Ludwig Wittgenstein, a disciple of Bertrand   Russell… Bertrand Russell is one of the significant agnostics of this age, and Ludwig Wittgenstein was his best disciple. Russell has praised Wittgenstein so generously; it rarely happens from a teacher’s mouth to so praise a disciple, a student. Wittgenstein was just a student in Russell’s philosophy class. Russell was teaching philosophy in the university of Cambridge, and Wittgenstein was just a student. But Russell had the penetrating eyes to find if there was something, and Wittgenstein was something of a genius. Wittgenstein showed him his notes. And Russell said, “Publish them!” Just his notes that he was taking in the class, any idea that was occurring to him — just his notes and Russell said, “Publish it. It is far superior to any of my books. I will never get such a student as you again. I am proud, and I am fulfilled, in a certain sense, that you came to my class.” Wittgenstein has not written much, just two or three books, and those are all maxims, small sentences. One sentence says, “You should not speak about something that you know not — either for, or against. One should be silent if one has not a solid yes or no in his experience.” In another passage he says, “There are things which cannot be spoken of, hence you should resist the temptation to speak about them.”

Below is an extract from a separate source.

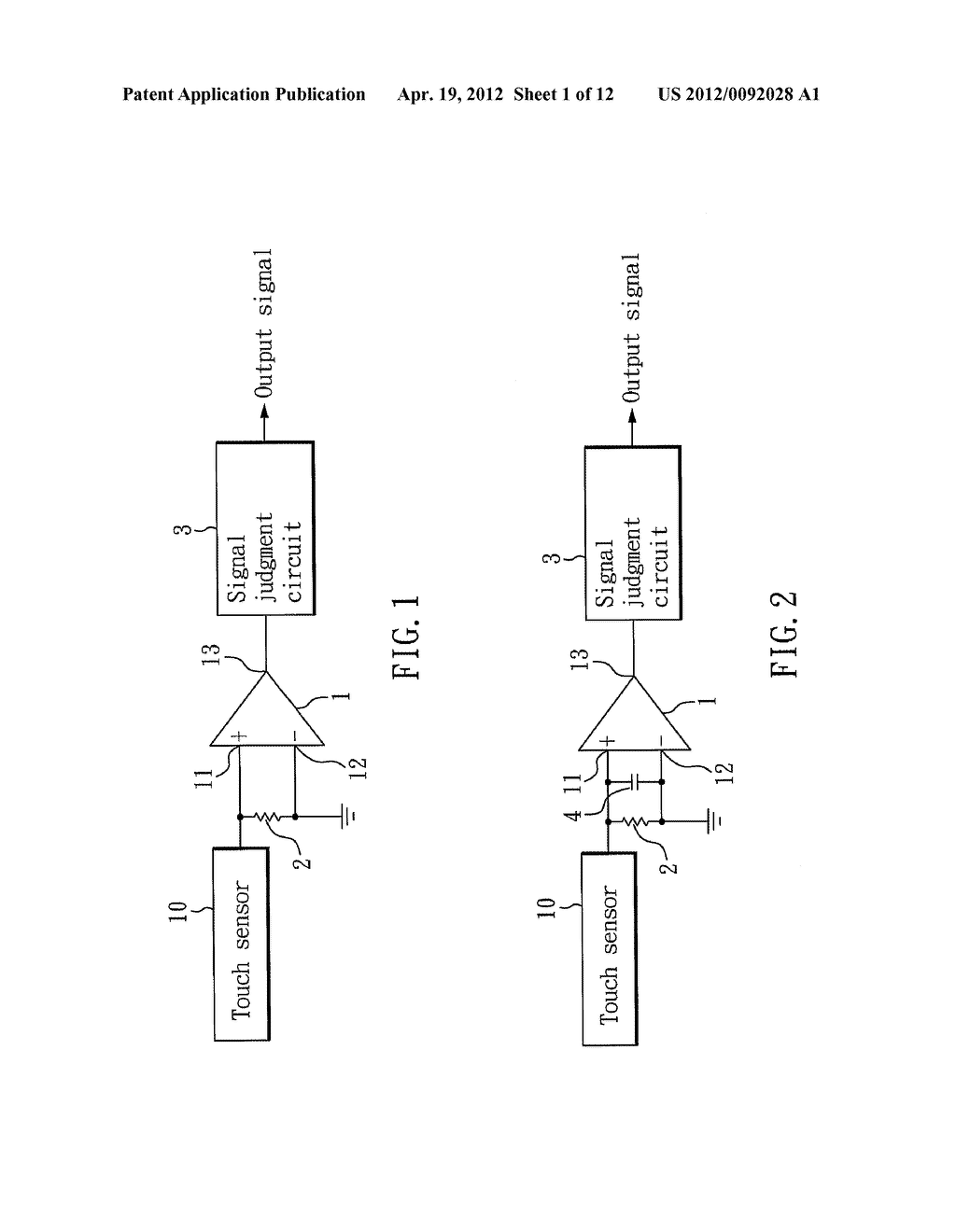 CAPACITIVE TOUCH SENSING DEVICE BY DETECTING INDUCED ELECTRIC FIELD - diagram, schematic, and image 02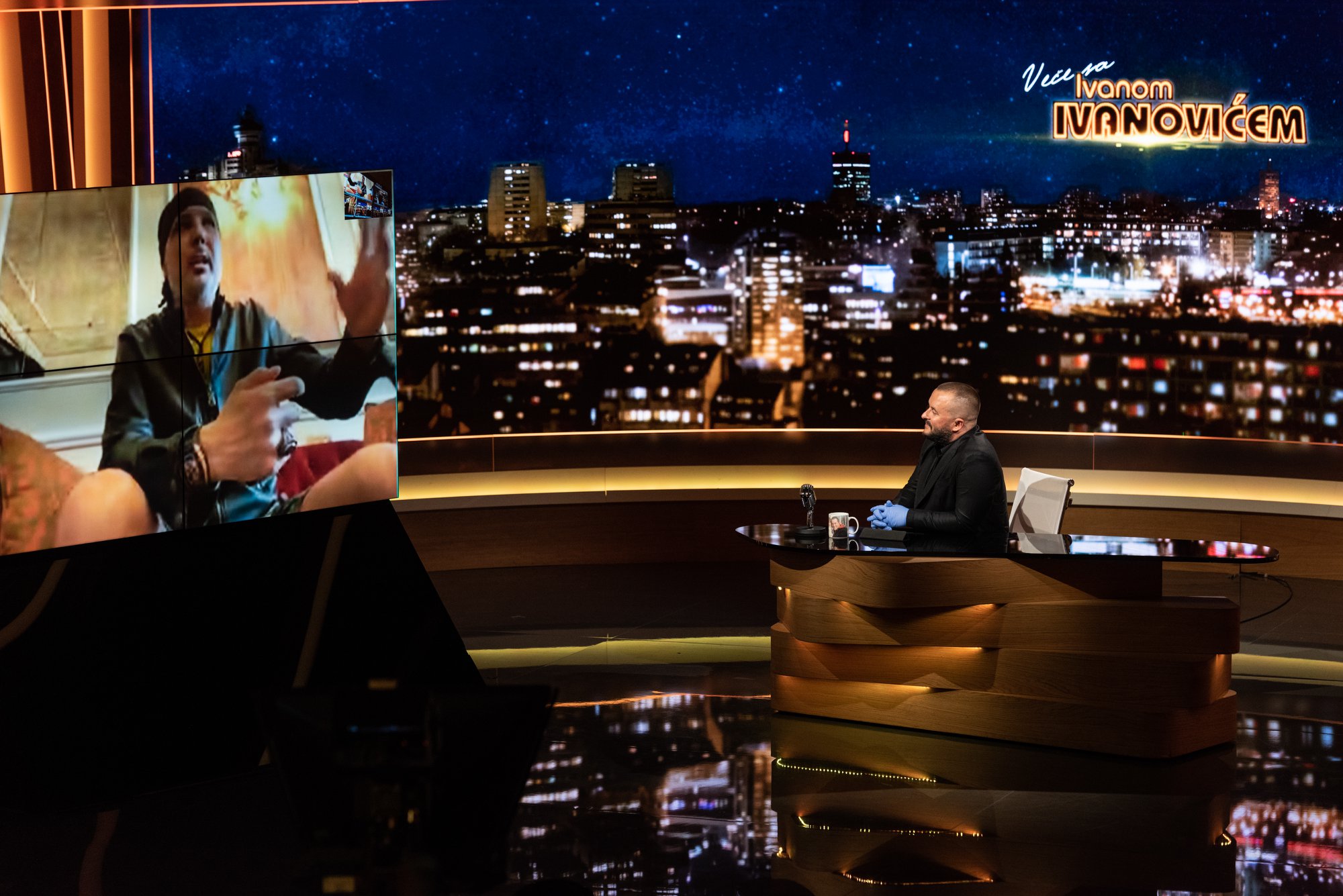 Ivan Ivanović, emisija Veče sa Ivanom Ivanovićem, gost Siniša Mihajlović  Foto: Ivan Dinić/NOVA S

The agnostic is the most superior. He does not commit himself, he remains uncommitted. It is better to remain uncommitted, because that keeps you alert that you have not started the search yet. The theist has arrived at a conclusion, the atheist has arrived at a conclusion; you have not even begun the search. The agnostic is the best of the three, comes closer to me. The theist is the farthest from me, the atheist a little closer, the agnostic much closer — but you can remain there.

There is no necessity that you will move into the enquiry. You can say it is an ultimate question. That is what agnostics say. Whenever the question is ultimate, you cannot say yes or no about it. But his silence is not the silence of a gnostic. I had not included gnostic in the three categories I discussed, knowingly. The word agnostic comes from the word gnostic. Agnostic means one who declares that, “I am not certain this way or that.”

Who is a gnostic? A gnostic is one who knows. That is the meaning of gnostic: the knower. The agnostic is silent because he does not know what is right and what is wrong; what is yes, what is no. The gnostic is also silent — because he has come to experience a reality which is inexpressible. I am a gnostic.

And I would like you all to be gnostics, to come to a point of experience where things beyond words happen, where language is left far away back, light years back, where there is no possibility to conceptualize your experience. You cannot say, “God is,” you cannot say, “God is not.” You cannot say, “I cannot say these things.” You can be simply silent. And those who can understand silence will understand the answer. You can help people — that’s what gnostics can do — you can help people to come to silence. Call it meditativeness, awareness — those are just names, but the essential quality is absolute silence, nothing stirring in you, nothing wavering in you. And in that state, godliness is. It is all over the place. It is within you, it is without you.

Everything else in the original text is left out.